Business Case

The core idea of this article traces back to a scenario which was faced in one of our recent projects. 
We had a requirement for a system which could process incoming flat files. The metadata of the files will be fixed. All sounded straightforward until the last part.The file was generated by a automated process so it was not certain what will be the maximum number of columns. A good majority of the columns were optional so not many rows had any value. This made it difficult to set the mappings at design time as the connection manager couldn't parse out a full list of columns. It was not easy to determine the maximum number of columns manually as files were huge. 
This article explains how number of columns can be determined at design time and mappings can be set for a file with varying number of columns across rows.
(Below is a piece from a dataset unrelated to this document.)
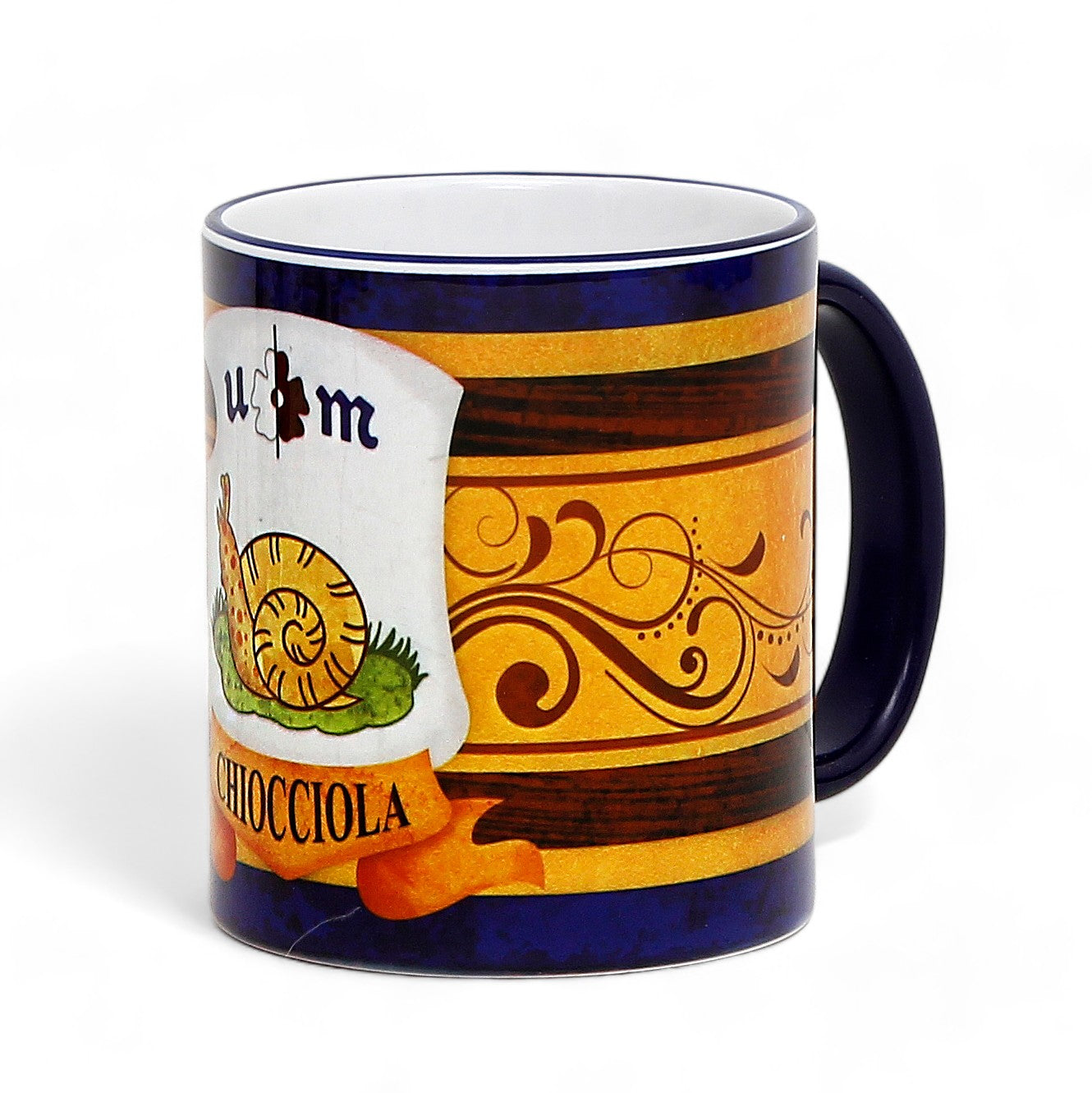 PALIO DI SIENA: Porcelain printed mugs bundle of all 17 Palio's Contradas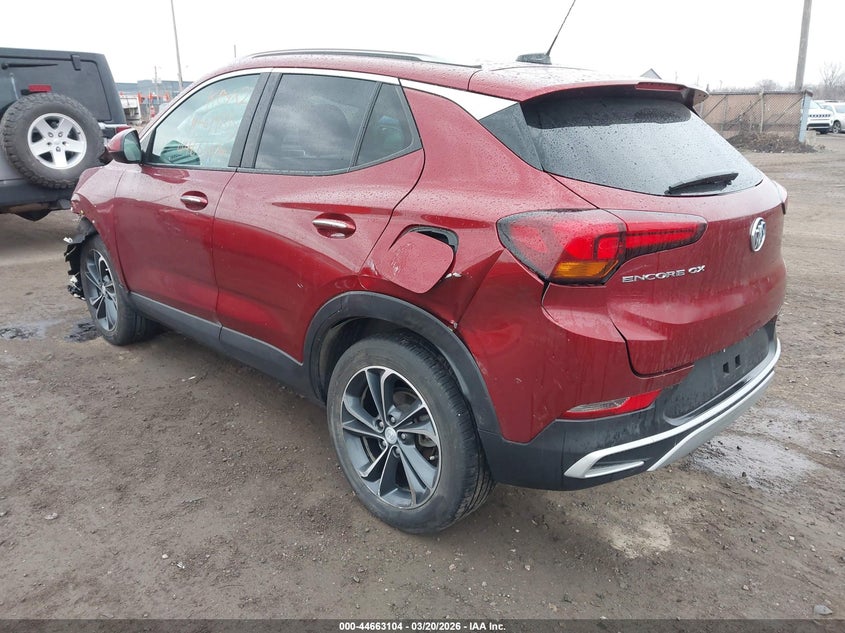 2022 Buick Encore Gx Fwd Select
Consider a sample file with data as below


If you analyze this file carefully its rows are having unequal number of columns. To make illustration simpler I've just given a file with 6 columns maximum but in the actual case file had much more columns. 
If you try to use this file as a source inside a data flow task and use a standard connection manager it will parse the file data as below

Notice the highlighted portion. You can see that the connection manager interprets the columns based on delimiters present in first row ie in the example as 3 columns with 3rd column containing values of rest of columns merged together. However the sample file actually has a maximum number of 6 columns with the 3rd row containing values for all the columns.
The challenge is how to make flatfile connection manager interpret the column values correctly.

This can be handled using two approaches which we can see in detail below

Approach 1: Using a Staging Table and Doing T-SQL String Parsing

This is the easier approach if you have the rights to create and can afford a staging table. The steps involved will be the below

Create a data flow task with flat file source and OLEDB destination tasks.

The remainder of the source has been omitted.